Desirable Properties of BC Mix

  • Stability: Sufficient resistance to deformation when repeated or sustained enough resistance to deformation when subjected to repeated or prolonged stresses.
  • Durability: The ability to withstand deterioration caused by weathering or abrasive forces. Defeat against weathering or the abrasive powers of traffic.
  • Flexibility: Refers to a bituminous mixture’s capacity to bend repeatedly without cracking and to adapt to base course shape changes. 
  • Skidproof: To provide sufficient resistance to the sliding of Provide adequate resistance to prevent tire skidding.
  • Impervious: Should minimize rainwater seepage. 

What Should be the Density of Bituminous Concrete?

Bituminous Concrete or Asphalt is a hot-mixed, hot-laid, plant mixture of well-graded, dried aggregates, filler, and paving bitumen in the best ratios possible depending on the requirements. 

When compacted, the mixture forms a dense material layer atop a previously manufactured granular, modified granular, or Dense Bituminous Macadam (DBM) that is 25–100 mm thick (preferably 2.243 g/cubic cm).  

Bituminous Concrete Paving Procedures

The following steps are involved in the construction of a BC road 

  1. Preparing the existing base course layer: Identifying the potholes and other imperfections on the existing base course layer and filling them with premix chippings at least a week before installing the surface course.
  2. Application of Tack Coat: Bitumen is applied for a tack coat at a rate of 6.0 to 7.5 kg per 10 sq.m. area. For non-bituminous bases, the rate should be 7.5 -10 kg. per 10 sq.m. for an ideal tack coat layer.
  3. Placement of premix: Premix produced in a hot mixed plant is spread by a mechanical paver at 121 to 163 degrees Celsius. Accurate layer and camber checking is performed
  4. Rolling: After the mix has been spread out across the base course, it is fully compacted at a speed of no more than 5 km/h by a road roller. 
  5. Quality control: Regular checking is needed for the grading of aggregate, the temperature of aggregate, bitumen quality, and the temperature of mixing and compaction. Every 100 tonnes of mix released by the hot mix plant requires the collection and testing of at least one sample.
  6. Finishing the surface: A 3.0 m straight edge should be used to inspect the surface of the newly constructed road. In a length of 300 m, the longitudinal undulations shouldn’t be more than 8.0mm, and there shouldn’t be more than 10 undulations that are higher than 6.0mm. 

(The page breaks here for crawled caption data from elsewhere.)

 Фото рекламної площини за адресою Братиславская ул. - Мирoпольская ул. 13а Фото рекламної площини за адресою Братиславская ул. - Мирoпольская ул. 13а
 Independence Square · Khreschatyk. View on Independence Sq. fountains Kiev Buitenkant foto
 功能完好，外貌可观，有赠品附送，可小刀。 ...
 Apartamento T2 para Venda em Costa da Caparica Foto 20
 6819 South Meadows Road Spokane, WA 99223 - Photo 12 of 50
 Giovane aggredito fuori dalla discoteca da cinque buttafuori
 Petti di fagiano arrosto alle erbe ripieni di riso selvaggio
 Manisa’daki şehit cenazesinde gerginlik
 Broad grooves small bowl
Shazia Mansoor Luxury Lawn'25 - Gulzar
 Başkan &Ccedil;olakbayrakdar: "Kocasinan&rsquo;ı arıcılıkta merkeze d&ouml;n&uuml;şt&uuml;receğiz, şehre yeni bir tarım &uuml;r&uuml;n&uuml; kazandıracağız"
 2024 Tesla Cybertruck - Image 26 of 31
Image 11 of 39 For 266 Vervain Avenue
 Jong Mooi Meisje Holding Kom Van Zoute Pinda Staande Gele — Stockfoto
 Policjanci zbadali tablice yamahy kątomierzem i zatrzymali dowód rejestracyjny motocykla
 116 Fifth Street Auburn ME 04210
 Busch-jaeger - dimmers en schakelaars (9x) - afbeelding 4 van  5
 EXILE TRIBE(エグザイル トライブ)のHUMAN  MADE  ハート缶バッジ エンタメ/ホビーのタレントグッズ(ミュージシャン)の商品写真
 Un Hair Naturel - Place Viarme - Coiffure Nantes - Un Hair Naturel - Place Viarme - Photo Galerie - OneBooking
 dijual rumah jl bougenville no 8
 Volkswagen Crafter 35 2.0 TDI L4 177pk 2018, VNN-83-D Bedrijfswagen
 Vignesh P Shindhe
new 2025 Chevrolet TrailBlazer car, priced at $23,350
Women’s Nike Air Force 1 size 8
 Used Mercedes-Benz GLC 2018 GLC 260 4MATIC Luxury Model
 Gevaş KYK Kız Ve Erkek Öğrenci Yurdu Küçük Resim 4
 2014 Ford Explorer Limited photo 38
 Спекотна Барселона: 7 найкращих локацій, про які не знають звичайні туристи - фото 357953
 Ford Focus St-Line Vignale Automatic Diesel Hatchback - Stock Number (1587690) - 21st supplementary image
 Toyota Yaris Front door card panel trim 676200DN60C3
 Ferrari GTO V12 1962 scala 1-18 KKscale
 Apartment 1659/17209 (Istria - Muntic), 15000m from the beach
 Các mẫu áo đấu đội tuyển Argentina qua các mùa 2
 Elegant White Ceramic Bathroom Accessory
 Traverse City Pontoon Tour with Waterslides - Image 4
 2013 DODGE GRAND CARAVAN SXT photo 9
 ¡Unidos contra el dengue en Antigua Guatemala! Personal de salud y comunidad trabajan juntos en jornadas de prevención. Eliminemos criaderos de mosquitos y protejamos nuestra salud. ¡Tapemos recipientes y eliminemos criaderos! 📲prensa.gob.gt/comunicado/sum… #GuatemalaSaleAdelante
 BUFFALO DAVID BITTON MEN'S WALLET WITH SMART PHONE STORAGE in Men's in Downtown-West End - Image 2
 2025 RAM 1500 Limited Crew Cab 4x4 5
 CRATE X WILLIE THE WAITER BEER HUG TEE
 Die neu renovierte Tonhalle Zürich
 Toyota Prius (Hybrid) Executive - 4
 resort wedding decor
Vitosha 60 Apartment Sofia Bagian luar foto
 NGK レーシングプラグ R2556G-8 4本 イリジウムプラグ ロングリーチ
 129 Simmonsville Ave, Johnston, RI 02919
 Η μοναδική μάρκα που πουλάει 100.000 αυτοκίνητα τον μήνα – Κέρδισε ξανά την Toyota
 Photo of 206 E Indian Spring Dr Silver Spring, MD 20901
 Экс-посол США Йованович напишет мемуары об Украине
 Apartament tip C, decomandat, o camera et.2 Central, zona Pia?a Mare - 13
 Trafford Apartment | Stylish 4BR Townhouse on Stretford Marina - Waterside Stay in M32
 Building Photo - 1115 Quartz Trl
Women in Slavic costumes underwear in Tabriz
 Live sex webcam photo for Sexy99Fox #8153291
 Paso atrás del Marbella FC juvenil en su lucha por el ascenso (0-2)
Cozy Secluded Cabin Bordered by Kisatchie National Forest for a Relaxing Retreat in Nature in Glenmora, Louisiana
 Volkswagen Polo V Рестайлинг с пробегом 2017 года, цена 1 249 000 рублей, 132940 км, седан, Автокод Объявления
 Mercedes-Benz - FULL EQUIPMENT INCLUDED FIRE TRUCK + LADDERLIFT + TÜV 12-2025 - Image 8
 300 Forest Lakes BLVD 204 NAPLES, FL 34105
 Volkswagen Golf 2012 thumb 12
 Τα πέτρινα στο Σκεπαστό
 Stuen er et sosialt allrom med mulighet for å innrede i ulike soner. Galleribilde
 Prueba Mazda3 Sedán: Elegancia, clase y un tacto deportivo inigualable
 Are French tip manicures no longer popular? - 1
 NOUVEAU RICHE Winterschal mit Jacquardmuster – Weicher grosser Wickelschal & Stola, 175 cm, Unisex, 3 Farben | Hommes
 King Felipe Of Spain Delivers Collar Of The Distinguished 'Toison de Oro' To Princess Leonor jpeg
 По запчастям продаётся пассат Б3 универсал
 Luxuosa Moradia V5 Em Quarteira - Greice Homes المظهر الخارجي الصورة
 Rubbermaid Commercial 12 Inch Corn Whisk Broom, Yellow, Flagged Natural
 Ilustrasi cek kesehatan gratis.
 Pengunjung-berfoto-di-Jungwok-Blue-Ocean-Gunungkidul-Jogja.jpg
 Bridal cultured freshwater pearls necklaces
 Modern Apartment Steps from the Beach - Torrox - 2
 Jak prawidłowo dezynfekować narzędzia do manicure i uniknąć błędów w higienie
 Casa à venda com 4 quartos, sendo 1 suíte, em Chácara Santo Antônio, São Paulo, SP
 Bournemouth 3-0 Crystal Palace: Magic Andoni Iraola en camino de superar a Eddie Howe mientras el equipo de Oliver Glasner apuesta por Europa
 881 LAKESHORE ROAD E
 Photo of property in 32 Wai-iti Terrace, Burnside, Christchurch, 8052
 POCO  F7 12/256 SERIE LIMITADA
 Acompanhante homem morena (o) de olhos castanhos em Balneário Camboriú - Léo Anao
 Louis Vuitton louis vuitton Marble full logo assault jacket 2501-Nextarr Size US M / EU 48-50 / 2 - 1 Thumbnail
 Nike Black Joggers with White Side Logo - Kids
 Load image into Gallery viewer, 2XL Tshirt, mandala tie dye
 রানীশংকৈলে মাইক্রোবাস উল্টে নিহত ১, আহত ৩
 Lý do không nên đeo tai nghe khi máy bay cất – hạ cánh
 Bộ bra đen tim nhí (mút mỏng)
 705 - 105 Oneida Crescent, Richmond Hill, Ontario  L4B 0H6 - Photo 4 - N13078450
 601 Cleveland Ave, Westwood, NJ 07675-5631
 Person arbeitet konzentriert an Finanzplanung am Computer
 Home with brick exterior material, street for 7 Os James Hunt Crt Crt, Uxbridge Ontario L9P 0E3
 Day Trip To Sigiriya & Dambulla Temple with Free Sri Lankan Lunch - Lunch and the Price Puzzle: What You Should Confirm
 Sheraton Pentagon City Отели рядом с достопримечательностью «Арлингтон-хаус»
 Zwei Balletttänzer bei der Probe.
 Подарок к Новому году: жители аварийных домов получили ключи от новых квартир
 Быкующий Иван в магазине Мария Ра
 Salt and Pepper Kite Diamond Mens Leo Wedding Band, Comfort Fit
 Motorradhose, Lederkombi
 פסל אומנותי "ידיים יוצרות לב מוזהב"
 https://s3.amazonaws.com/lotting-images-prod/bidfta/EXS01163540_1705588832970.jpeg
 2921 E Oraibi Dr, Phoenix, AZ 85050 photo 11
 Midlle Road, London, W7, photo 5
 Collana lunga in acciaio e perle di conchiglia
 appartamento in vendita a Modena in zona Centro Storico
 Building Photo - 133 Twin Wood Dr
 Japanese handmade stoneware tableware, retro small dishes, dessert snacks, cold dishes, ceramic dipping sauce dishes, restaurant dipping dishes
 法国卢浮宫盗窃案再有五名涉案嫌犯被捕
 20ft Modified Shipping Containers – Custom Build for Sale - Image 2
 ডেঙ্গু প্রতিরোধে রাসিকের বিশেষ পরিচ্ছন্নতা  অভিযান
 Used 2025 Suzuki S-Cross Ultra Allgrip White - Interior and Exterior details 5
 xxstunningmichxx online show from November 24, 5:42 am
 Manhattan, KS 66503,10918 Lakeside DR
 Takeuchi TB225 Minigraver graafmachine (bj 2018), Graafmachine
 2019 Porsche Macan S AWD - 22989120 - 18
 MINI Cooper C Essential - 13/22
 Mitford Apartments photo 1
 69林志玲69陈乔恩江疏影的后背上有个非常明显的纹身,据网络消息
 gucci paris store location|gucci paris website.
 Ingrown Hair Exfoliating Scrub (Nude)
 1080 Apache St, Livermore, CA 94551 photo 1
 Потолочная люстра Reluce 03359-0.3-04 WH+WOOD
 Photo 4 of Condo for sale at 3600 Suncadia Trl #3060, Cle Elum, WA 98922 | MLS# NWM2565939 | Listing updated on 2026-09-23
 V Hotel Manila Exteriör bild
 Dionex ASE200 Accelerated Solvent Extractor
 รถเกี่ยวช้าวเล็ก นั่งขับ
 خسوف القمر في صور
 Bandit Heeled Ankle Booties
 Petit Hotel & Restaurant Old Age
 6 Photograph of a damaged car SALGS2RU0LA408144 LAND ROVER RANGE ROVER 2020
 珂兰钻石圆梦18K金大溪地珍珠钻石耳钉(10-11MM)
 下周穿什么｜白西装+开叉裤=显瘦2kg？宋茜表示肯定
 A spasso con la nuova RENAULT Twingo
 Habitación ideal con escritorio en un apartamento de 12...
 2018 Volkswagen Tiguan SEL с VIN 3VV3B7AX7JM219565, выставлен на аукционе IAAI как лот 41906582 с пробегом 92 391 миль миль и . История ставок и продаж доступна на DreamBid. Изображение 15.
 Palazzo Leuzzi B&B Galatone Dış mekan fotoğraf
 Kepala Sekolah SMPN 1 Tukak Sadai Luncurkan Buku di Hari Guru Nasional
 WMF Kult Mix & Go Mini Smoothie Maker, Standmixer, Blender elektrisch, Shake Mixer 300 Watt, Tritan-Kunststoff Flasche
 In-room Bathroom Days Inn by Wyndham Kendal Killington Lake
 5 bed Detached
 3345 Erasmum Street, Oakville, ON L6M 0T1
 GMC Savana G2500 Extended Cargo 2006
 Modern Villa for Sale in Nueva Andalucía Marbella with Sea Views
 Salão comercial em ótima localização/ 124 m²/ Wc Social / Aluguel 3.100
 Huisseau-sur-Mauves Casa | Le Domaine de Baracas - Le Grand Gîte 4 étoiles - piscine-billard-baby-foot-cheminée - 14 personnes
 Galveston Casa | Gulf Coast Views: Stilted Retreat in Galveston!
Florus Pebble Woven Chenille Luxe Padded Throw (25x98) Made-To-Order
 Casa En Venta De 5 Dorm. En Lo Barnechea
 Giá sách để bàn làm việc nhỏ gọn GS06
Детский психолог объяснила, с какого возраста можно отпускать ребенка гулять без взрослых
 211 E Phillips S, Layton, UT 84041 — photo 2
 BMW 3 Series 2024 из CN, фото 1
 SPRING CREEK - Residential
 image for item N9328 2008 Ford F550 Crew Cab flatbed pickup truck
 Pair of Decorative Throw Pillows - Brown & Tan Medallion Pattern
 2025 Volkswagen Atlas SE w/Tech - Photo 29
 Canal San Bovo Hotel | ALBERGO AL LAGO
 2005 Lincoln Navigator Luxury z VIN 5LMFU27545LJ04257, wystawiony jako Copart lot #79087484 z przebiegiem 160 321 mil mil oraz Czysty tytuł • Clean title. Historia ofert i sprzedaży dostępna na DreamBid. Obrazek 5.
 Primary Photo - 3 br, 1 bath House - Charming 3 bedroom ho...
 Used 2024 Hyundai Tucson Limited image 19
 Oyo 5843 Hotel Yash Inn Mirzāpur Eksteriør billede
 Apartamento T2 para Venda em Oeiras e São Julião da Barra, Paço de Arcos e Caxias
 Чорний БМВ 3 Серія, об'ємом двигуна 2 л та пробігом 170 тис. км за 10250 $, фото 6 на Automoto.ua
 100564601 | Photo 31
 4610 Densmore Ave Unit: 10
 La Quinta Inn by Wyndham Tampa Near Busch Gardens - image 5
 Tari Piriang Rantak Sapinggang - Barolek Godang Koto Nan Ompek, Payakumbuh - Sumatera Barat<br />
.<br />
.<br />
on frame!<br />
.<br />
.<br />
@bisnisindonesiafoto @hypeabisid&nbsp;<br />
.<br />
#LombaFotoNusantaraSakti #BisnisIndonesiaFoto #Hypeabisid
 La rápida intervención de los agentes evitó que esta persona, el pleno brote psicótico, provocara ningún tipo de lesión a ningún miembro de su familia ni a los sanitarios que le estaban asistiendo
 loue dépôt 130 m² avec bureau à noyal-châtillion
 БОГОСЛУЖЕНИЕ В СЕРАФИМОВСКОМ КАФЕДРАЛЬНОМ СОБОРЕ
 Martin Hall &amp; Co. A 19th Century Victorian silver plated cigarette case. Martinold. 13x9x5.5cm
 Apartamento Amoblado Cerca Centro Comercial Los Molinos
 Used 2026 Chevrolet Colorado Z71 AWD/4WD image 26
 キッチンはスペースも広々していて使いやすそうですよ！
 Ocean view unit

Advantages of Bituminous Concrete

Although it doesn’t have the same strength as conventional concrete, asphalt paving is still the most often utilized material in road construction. Bituminous concrete roads have the benefits listed below:

  • Simple yet sturdy: They are relatively simple to repair or refinish, and they are sturdy enough to withstand years of traffic load. 
  • Smoother and less noisy: The BC roads offer a smoother and quieter driving experience than cement concrete roads and therefore aid in lowering noise pollution near major roads and highways.
  • Lower cost: Both initial and lifetime maintenance costs of bituminous concrete roads is less compared to cement concrete roads. 
  • Gradual decay: The process of BC pavement deforming and failing gradually. Cement concrete pavements produce brittle failures.

Roads made with bituminous concrete (BC) are likewise completely recyclable, albeit recycled components might not be as durable as new ones. To make recycled asphalt stronger and more resilient, some producers mix recycled tires or glass aggregate into the mixture.

Disadvantages of Bituminous Concrete Roads

Many of the negative aspects of bituminous concrete are related to how it affects the environment. Asphalt’s bituminous binding components come from fossil fuels. Fossil fuels are not only non-renewable and scarce, but they also play a variety of roles in pollution. Toxic gasses are released into the atmosphere during the fuel extraction process, causing both poor air quality and global warming.